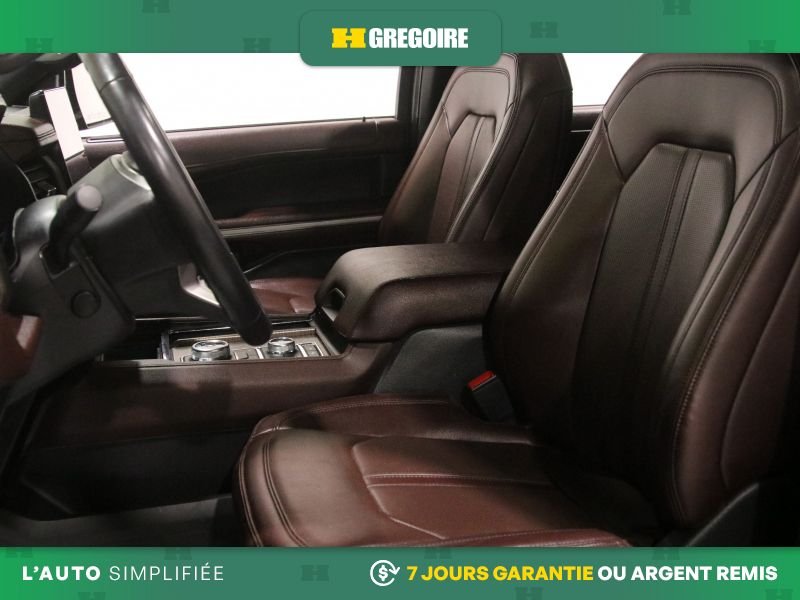 2024 Ford Expedition Black Blainville - photo #13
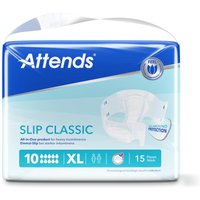 Attends Slip Classic 10 XL | Pack of 15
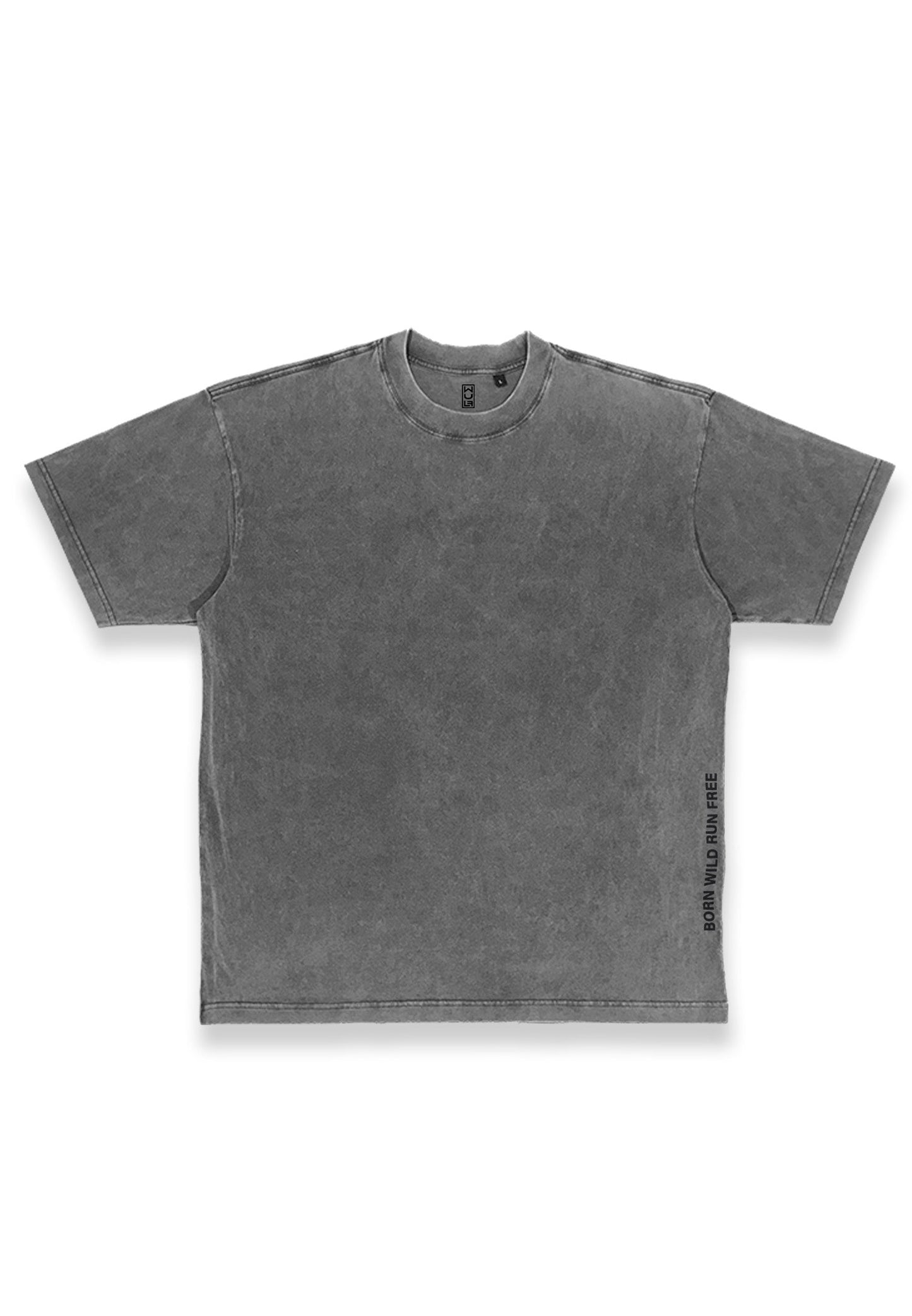 62°110 T-shirt, Light Acid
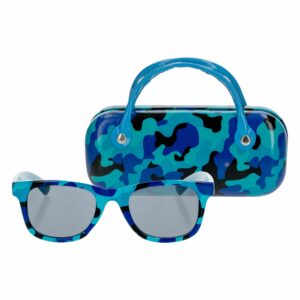 Gafas Con Estuche Diseño Camuflage A&E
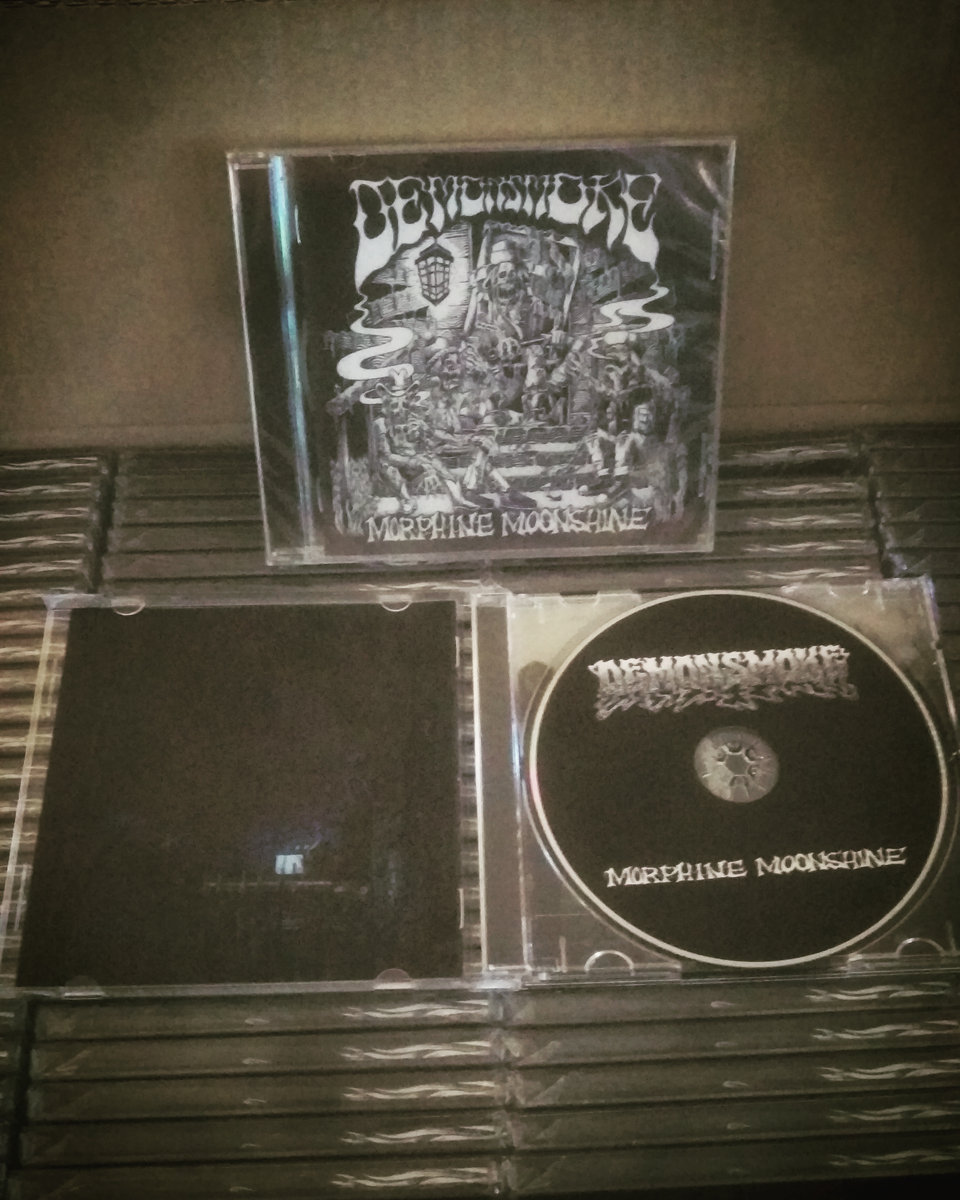 Morphine Moonshine | DEMONSMOKE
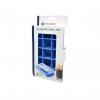 Forma din silicon durabil pentru cuburi mici de gheata, 19x12x(H)3.5 cm, potrivita si pentru uz profesional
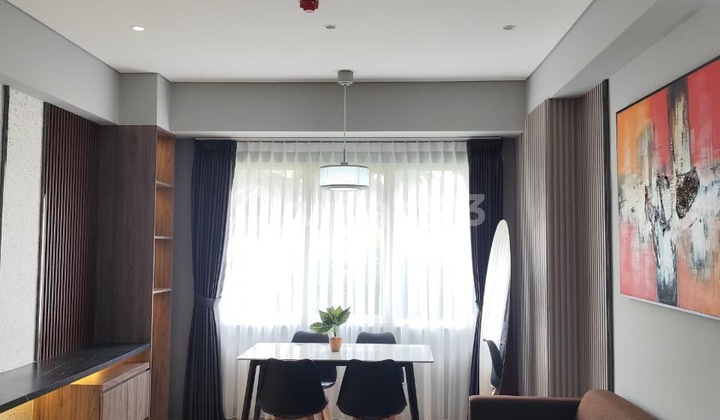 Jual Apartment Aspen Residence Fatmawati 3 BR Furnished Bagus 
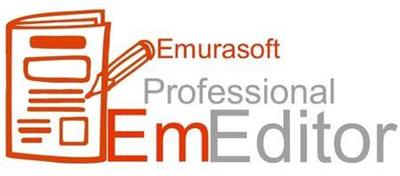 Emurasoft EmEditor Professional 22.5 Multilingual Portable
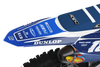 KTM Graphics Kit - Racer Portyl Blues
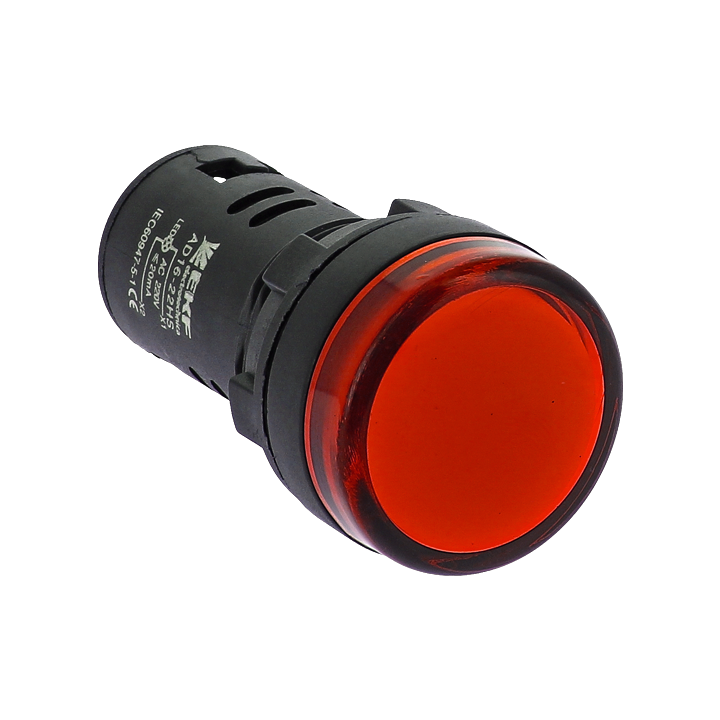 Светодиодная матрица AD16-22HS красная 220В
AC (22мм) EKF PROxima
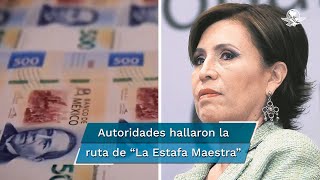 Esta es la ruta de los desvíos millonarios de “La Estafa Maestra”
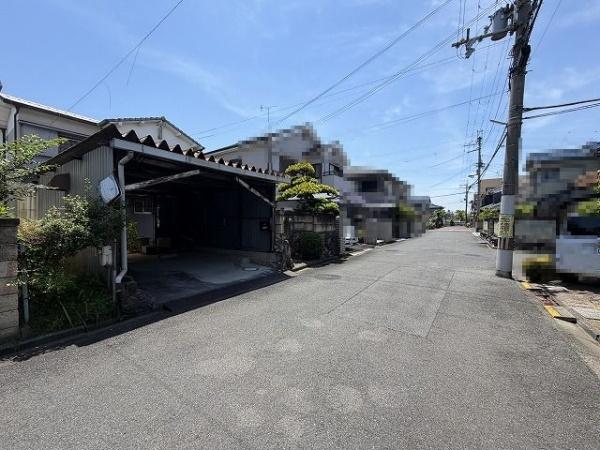 橿原市葛本町　売土地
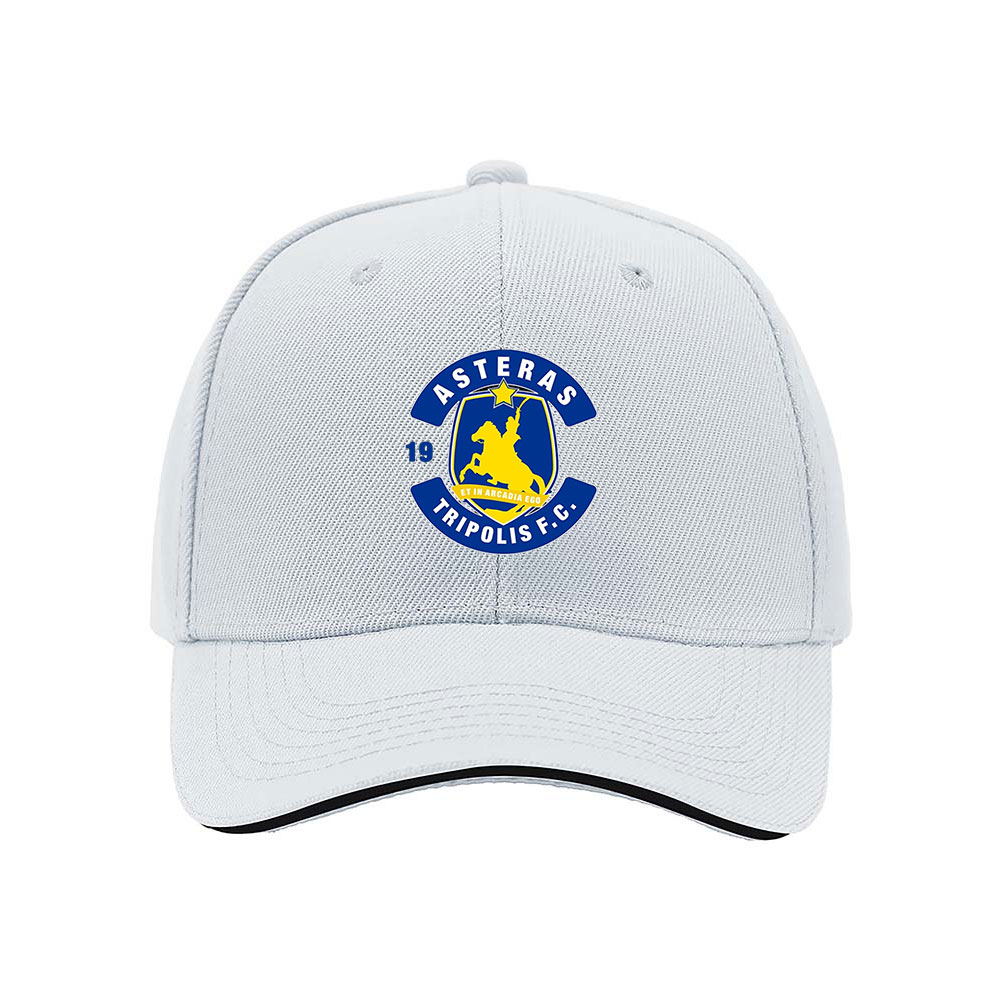 Asteras Tripolis FC Men's Baseball Cap Soccer Fan Gift Hat - Image 5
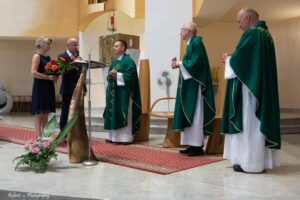 Pożegnanie - ks. Piotr Larysz, ks. Czesław Tomaszek 2021 – zdjęcie 18 z 33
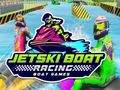 Gra Gry w wyścigi łodzi Jetski  w Internecie
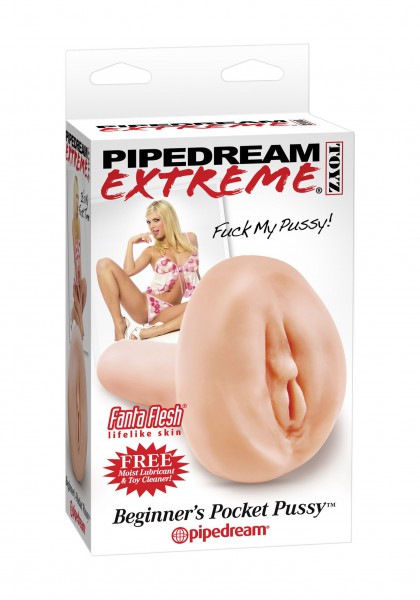 PDX Beginners Pocket Pussy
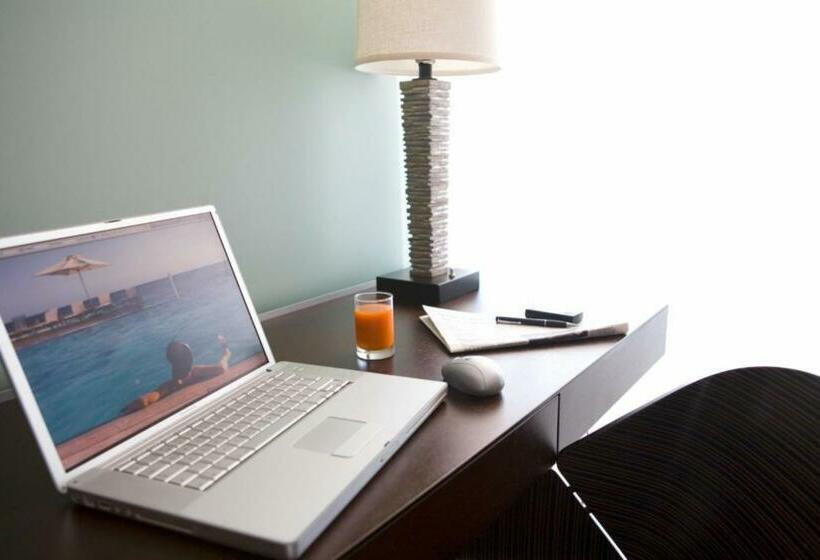 اتاق استاندارد, Curacao Avila Beach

_ _ _ _ _ _ _

■ **PROBLEM STATEMENT**: A precise copy of each record, with the images removed, should be output.

■ **TASK RESULT**:
 2024 Ford Expedition Black Blainville - photo #13
 Attends Slip Classic 10 XL | Pack of 15
 62°110 T-shirt, Light Acid
 Gafas Con Estuche Diseño Camuflage A&E
 Morphine Moonshine | DEMONSMOKE
 Forma din silicon durabil pentru cuburi mici de gheata, 19x12x(H)3.5 cm, potrivita si pentru uz profesional
 Jual Apartment Aspen Residence Fatmawati 3 BR Furnished Bagus 
 Emurasoft EmEditor Professional 22.5 Multilingual Portable
 KTM Graphics Kit - Racer Portyl Blues
 Светодиодная матрица AD16-22HS красная 220В
AC (22мм) EKF PROxima
 Esta es la ruta de los desvíos millonarios de “La Estafa Maestra”
 橿原市葛本町　売土地
 Asteras Tripolis FC Men's Baseball Cap Soccer Fan Gift Hat - Image 5
 Pożegnanie - ks. Piotr Larysz, ks. Czesław Tomaszek 2021 – zdjęcie 18 z 33
 Gra Gry w wyścigi łodzi Jetski  w Internecie
 PDX Beginners Pocket Pussy
 اتاق استاندارد, Curacao Avila Beach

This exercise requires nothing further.